Puede escuchar todavía los pasos de su madre caminar por el pasillo. La voz de sus hermanos. El sonido de una puerta que se cierra de manera brusca por la corriente. Un coche que pasa por la calle. En cambio, no ocurre nada de eso. La casa está deshabitada. Lleva 35 años sin ser ocupada. Todo está en los recuerdos del artista Miguel Soler-Roig (Barcelona, 1961). Por un momento, parecen saltar de su mente para colocarse en los espacios al que pertenecen cuando entra en la casa de su infancia, ubicada en la avenida de la Diagonal de Barcelona.

De esta forma, empieza la serie fotográfica de «La Ruina del Recuerdo», que estos días se expone en la Galería Blanca Berlín de Madrid hasta el 21 de mayo después de haberse visto durante el mes de abril en Barbara Davis Gallery (Houston, Texas). Son 14 imágenes de tintas pigmentadas sobre papel Hahnemühle, que retratan diferentes estancias de la casa de la familia de este artista. Entre las mismas, destacan «Lecturas del pasado», donde se ven los libros de la familia, «Los pliegues en el tiempo», en la que se aprecian dos faldas y un vestido colgados o «La dualidad del espacio», con unos lienzos apilados sobre la pared, realizados por diversos artistas sudamericanos, junto a algunos dibujos de su tío Miguel Juncadella, que falleció en un accidente de tráfico cuando iba a ver a Pablo Picasso.

Concebida la serie de fotografías en 2014, ha viajado desde Photo Fever (París, 2014), Photo London (2015), Society for Photography Education en Cleveland (Ohio, 2015) hasta PhotoFest (Houston, 2016). El artista destaca a LA RAZÓN sus sensaciones cuando volvió a entrar en esa casa. «Es volver a la raíz de donde he nacido y vivido hasta los 20 años. Encuentras una nostalgia, y una añoranza de la juventud que se ha estancado en el tiempo porque la casa sigue siendo igual. Al estar ahí, es como si se hubiese parado el tiempo», indica Soler-Roig de sus impresiones de su vivienda, que repartió su infancia y adolescencia entre este lugar y la de su abuela Mercedes Salisachs, la escritora que ganó el Premio Planeta en 1975.

Todo pareció pararse cuando el artista se fue de España para estudiar Bellas Artes en la Escuela de Arte Basilea, donde algunos de sus profesores fueron antiguos alumnos de la Bauhaus. Posteriormente se trasladó a Estados Unidos para continuar con su formación en la Rhode Island School of Design y más tarde vivió en Nueva York. Sus hermanos y sus padres también abandonaron la vivienda, de la que hablan con frecuencia cuando se encuentran. Es su nexo de unión. Quizá por eso, nadie plantea deshacerse de ella a través de una venta o tan siquiera alquilarla. Pero, tampoco nadie ha vuelto a ocuparla.

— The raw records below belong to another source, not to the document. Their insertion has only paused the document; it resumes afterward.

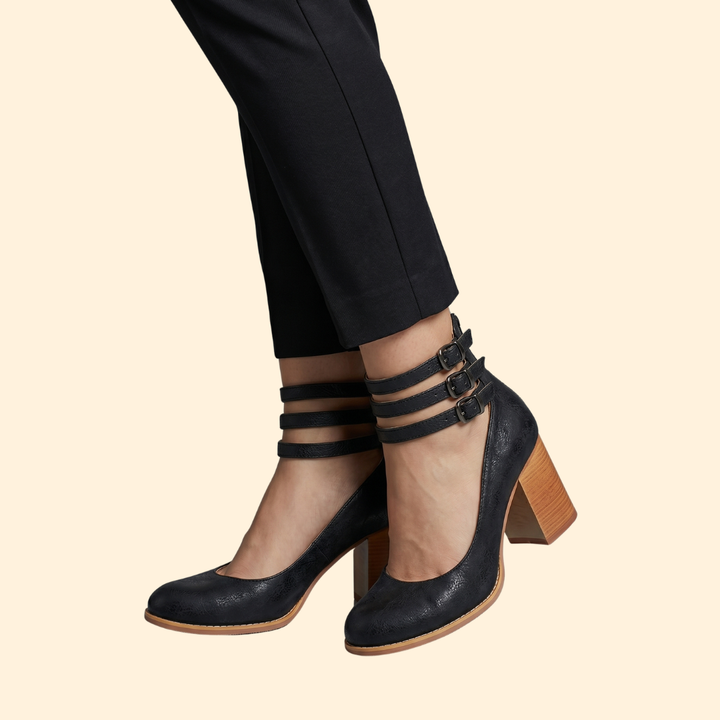 Women's Smooth Sandals with Heel
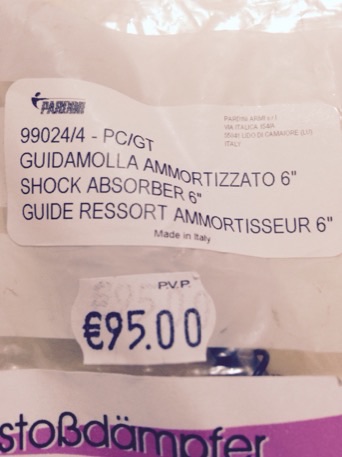 Amortiguador Pardini GT9
Nuevo
55,-€ con envío peninsula
Esta en Pamplona 

Un saludo 00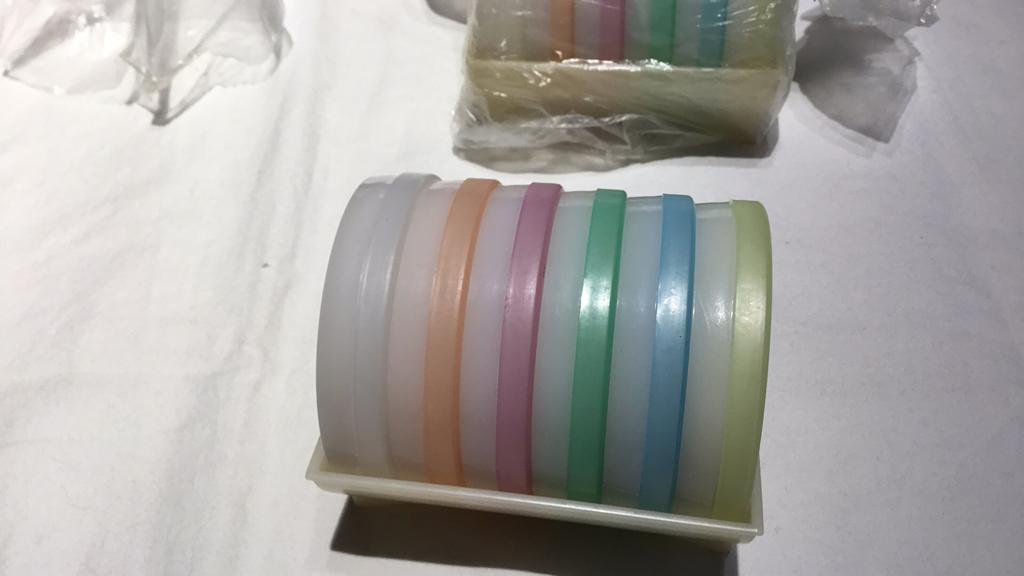 Retro onderzetters tupperware, Ophalen of Verzenden
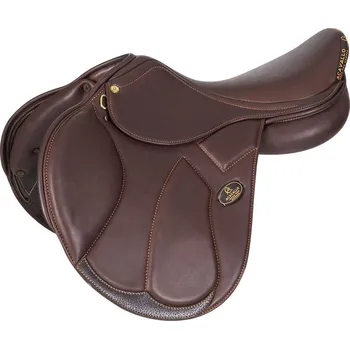 Jezdecké sedlo ACAVALLO Sedlo skokové Guttuso Acavallo, latexové polštáře, tmavě hnědé Velikost posedlí: 17", Šířka komory: nastavitelná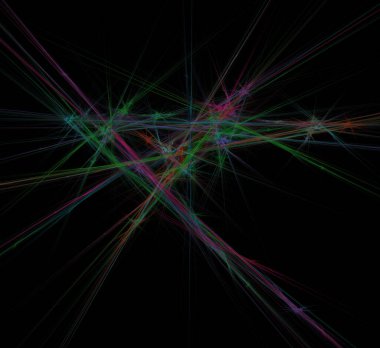 Dijital fraktal resimlerinden birinin resmi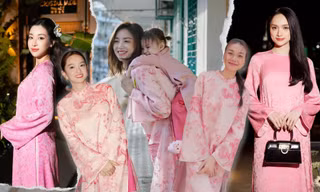 Đại chiến áo dài Tết: Mẫu áo dài được lòng các mỹ nhân Việt, không ngại "đụng hàng"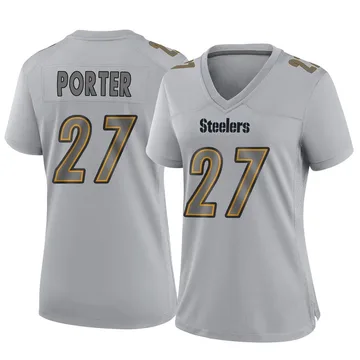 Women's Daryl Porter Pittsburgh Steelers Game Gray Atmosphere Fashion Jersey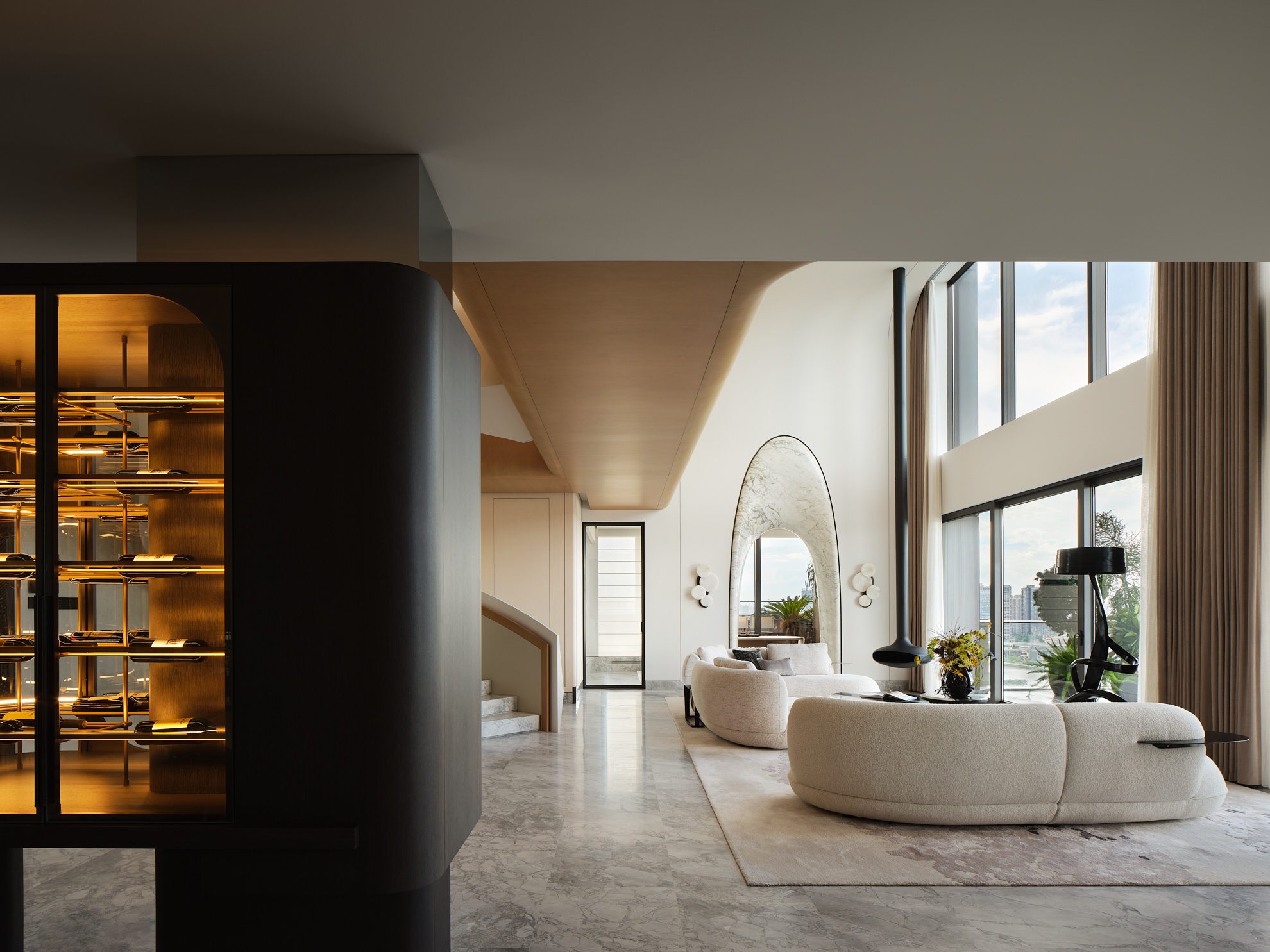 霍英东集团南天名苑复式丨中国广州丨硬装WJID维几设计,软装OPS观致设计-9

De la misma, destaca la luz, mientras el tamaño de las habitaciones se ha hecho más pequeño, asegura el artista desde que las contempla con los ojos de un adulto. Sobre todo destaca «la luz del mediodía. Siempre llegaba por el lado derecho del salón. Las tardes tenían un tono cálido y eran largas, debido a que la estancia estaba orientada hacia poniente. Las memorias de mi infancia se proyectan en un espacio deshabitado con polvo acumulado durante años», confiesa el artista del lugar, al que le parecía que cada domingo era siempre verano. Incluso, en el invierno más frío, debido a que el sol siempre calentaba el gran salón como si se tratase de un invernadero. Ahora todo le parece más frío, iluminado de manera tenue por los rayos de luz que se cuelan por las persianas, bajadas pero a la vez dilatadas por el paso del tiempo.